*** Opening GIVEN DATA ***

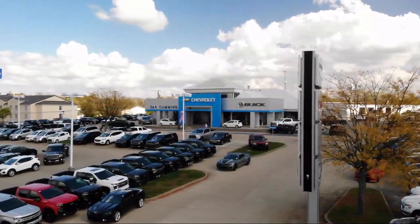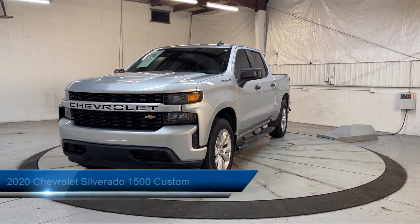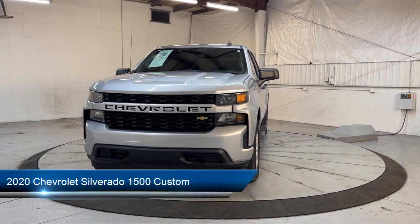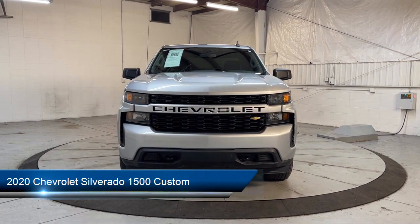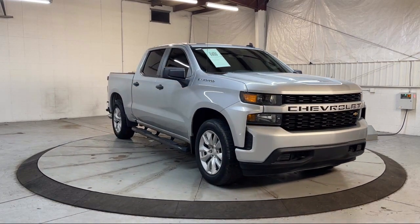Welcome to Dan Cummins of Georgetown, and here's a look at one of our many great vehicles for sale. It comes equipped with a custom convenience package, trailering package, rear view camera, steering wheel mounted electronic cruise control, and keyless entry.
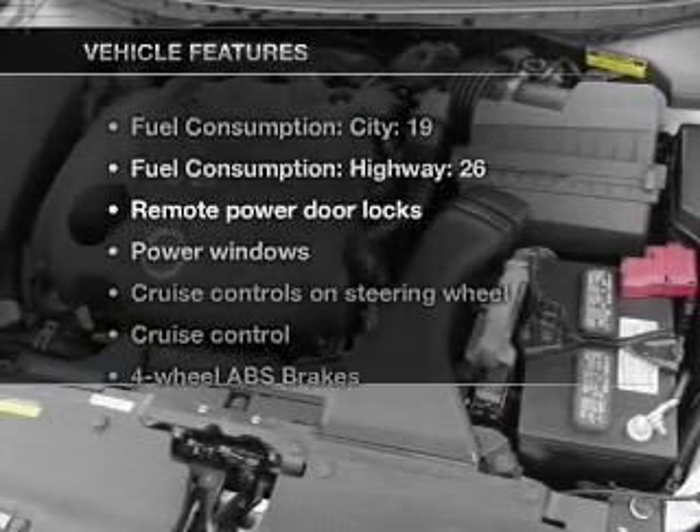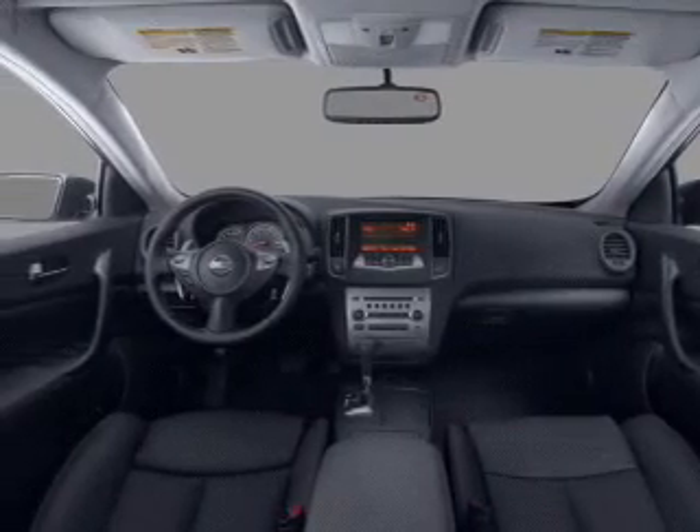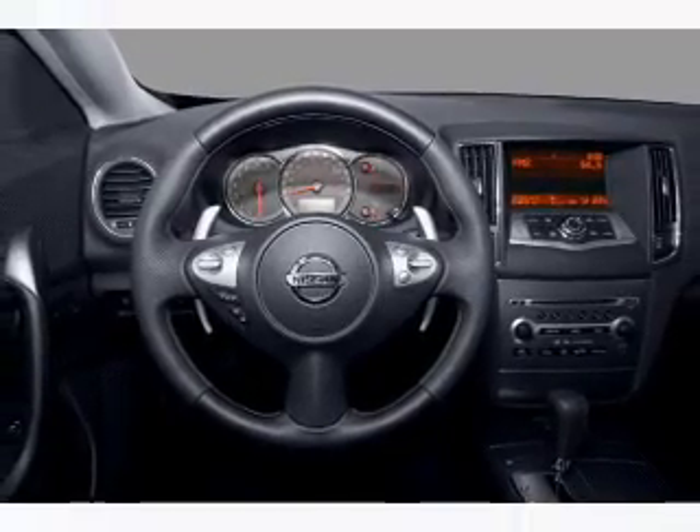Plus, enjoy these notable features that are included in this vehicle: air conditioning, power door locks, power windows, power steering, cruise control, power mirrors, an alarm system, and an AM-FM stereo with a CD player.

*** Closing GIVEN DATA ***
*** Opening GIVEN DATA ***

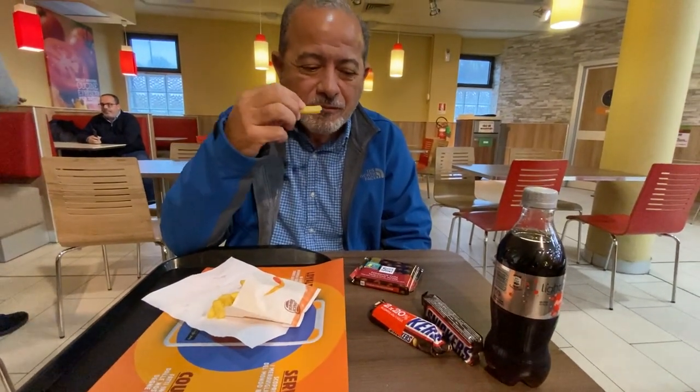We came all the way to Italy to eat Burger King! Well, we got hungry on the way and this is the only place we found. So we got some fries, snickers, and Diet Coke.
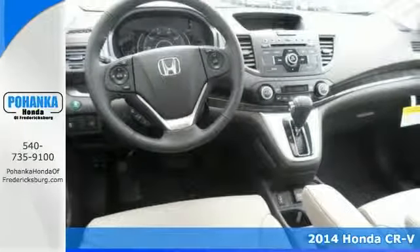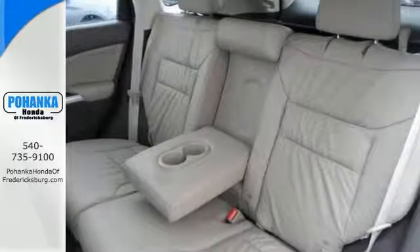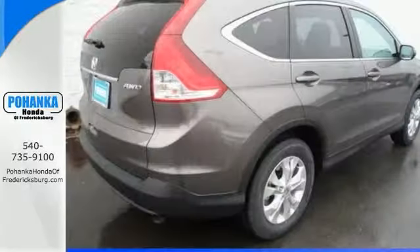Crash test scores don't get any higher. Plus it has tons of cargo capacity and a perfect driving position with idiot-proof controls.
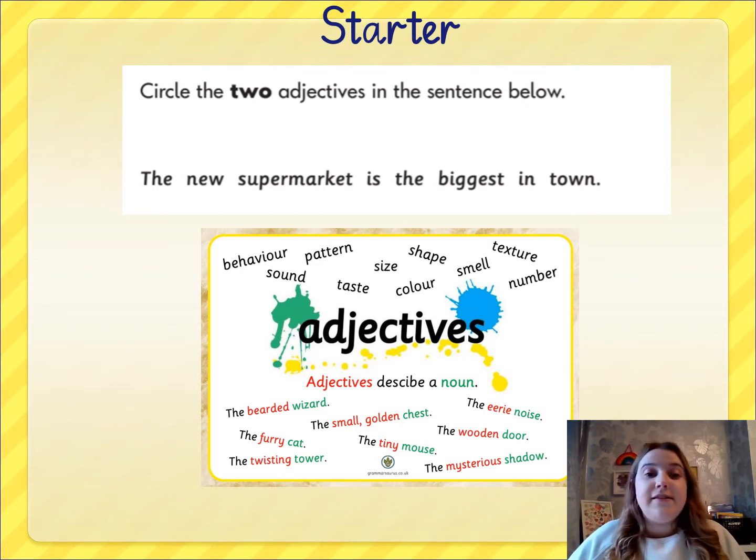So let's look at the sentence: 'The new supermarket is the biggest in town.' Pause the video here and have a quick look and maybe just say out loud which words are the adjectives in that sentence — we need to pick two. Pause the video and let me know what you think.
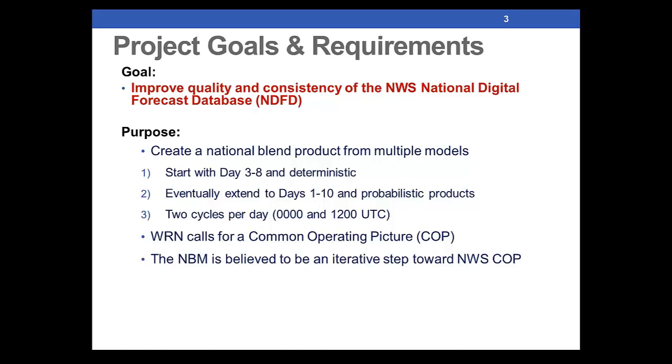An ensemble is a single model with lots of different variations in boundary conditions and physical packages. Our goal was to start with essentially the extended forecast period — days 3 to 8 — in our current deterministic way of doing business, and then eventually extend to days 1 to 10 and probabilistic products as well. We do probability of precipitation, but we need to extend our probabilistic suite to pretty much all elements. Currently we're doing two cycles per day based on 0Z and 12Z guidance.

*** Closing GIVEN DATA ***

> [PROMPT]: Each line above starting at the one holding "Crash test scores" and ending at the one holding "So let's look" should be set down exactly as it stands, both ends included, with no pictures.

> [RESULT OF THE TASK]:
Crash test scores don't get any higher. Plus it has tons of cargo capacity and a perfect driving position with idiot-proof controls.
So let's look at the sentence: 'The new supermarket is the biggest in town.' Pause the video here and have a quick look and maybe just say out loud which words are the adjectives in that sentence — we need to pick two. Pause the video and let me know what you think.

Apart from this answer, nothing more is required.